The funny part is that my little experiments didn’t lead to any groundbreaking photos. Most of them look similar unless you study them closely. But what changed was how I felt while shooting. Instead of scrolling through menus by habit, I started paying attention to what the light was actually doing. A few times I caught myself stopping mid-walk just to look at how the tone shifted as clouds passed. It sounds minor, but those pauses are exactly why I carry a camera in the first place.
What I learned, even if I’ll probably forget again
This trip taught me that understanding white balance isn’t about memorising Kelvin values or colour theory. It’s about noticing. It’s the same process that made me start with manual focus film cameras or shoot handheld at night until I figured out what worked. I’ve always learned by trial and error, by seeing what happens when you mess it up first. The incandescent astrophotography mistake proved that again. Even when it’s wrong, you still learn something.
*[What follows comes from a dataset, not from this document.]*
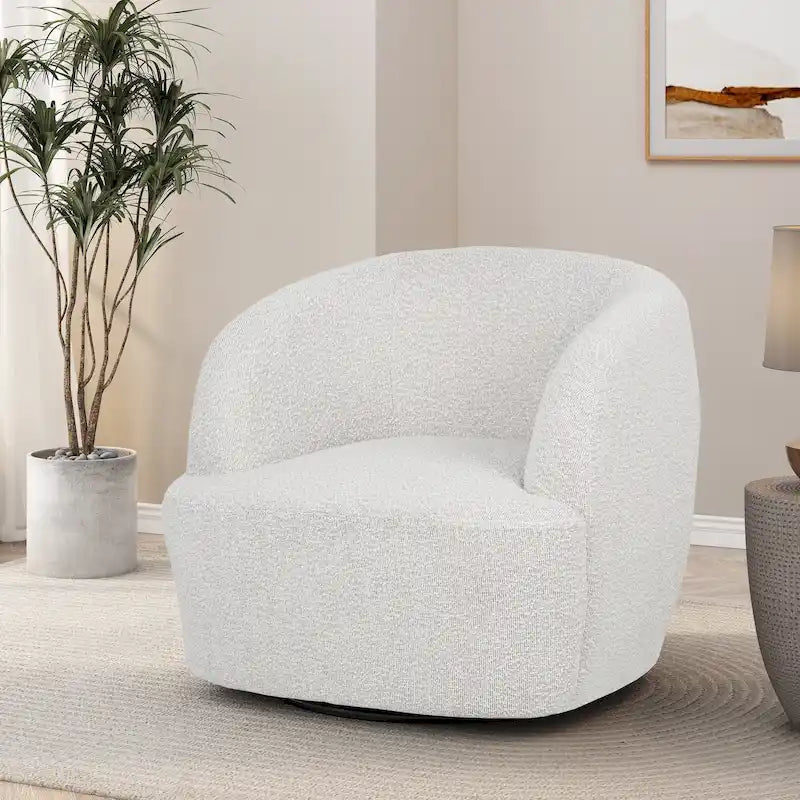 Fauteuil d'appoint pivotant rond en tissu bouclé blanc/beige/noir, une place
I’m nowhere near ready to start setting custom white balance or carrying a grey card around, but thanks to Temu I have one haha. For now, it’s enough to know what each preset does and when to trust my eyes over the algorithm. It’s made me realise that photography isn’t just about exposure and composition, it’s also about colour temperature, tone, and how those small shifts change the way an image feels.
Looking back through the shots now, I can see the difference more clearly. The waterfalls look cooler and sharper than I remember, the pub scenes glow warmer, and the mountain air somehow feels visible in the light. Even if the technical side still confuses me half the time, it’s nice to see the connection between what I saw and what the camera recorded starting to make a bit more sense.

The real takeaway
If there’s a theme running through this trip, it’s that you learn more when you let yourself experiment without worrying about the outcome. I’ve had far more complex shoots that taught me less. Between the drone at the waterfalls, the near-disaster with the Fuji, the manual reading under the stars, and Bow pressing the shutter on an eighty-four-year-old camera, it was a week of reminders. Cameras are tools, but light is the language. And white balance, as dry as it sounds, is part of learning to speak that language properly.
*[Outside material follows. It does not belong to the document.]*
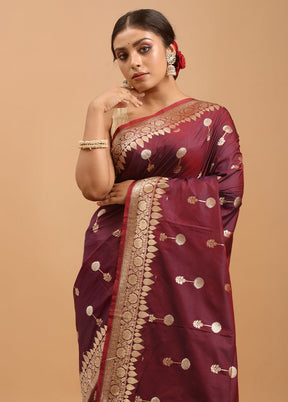 Purple Katan Silk Saree With Blouse Piece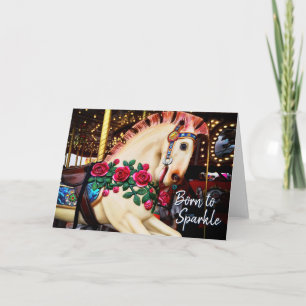 Born to Sparkle Carousel Horse Photo Calligraphy Card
It’s easy to let Auto WB handle everything and tell yourself you’ll fix the tones later in Lightroom. But there’s something satisfying about choosing the warmth or coolness in the moment, trusting how it looks instead of how it should look. It makes you more aware of the real light around you rather than the version your camera assumes you want.
So if you’re like me and tend to leave white balance on auto, try turning it off for a day. Pick a preset, see what it does, and decide if it feels closer to what you actually saw. You’ll start noticing how much the camera’s interpretation can differ from your own. The technical side can come later. The main thing is to start seeing light in terms of colour, not just brightness.
As for me, I’ll take what I learned and probably forget half of it before the next trip. But that’s fine. Each time I go somewhere new, I pick up another piece of understanding. Between the rivers, the rolls of film, the drone batteries, and the countless attempts at getting light to behave, this week was one of those quietly valuable ones. And maybe that’s what photography is for me now: not chasing perfection, just paying attention.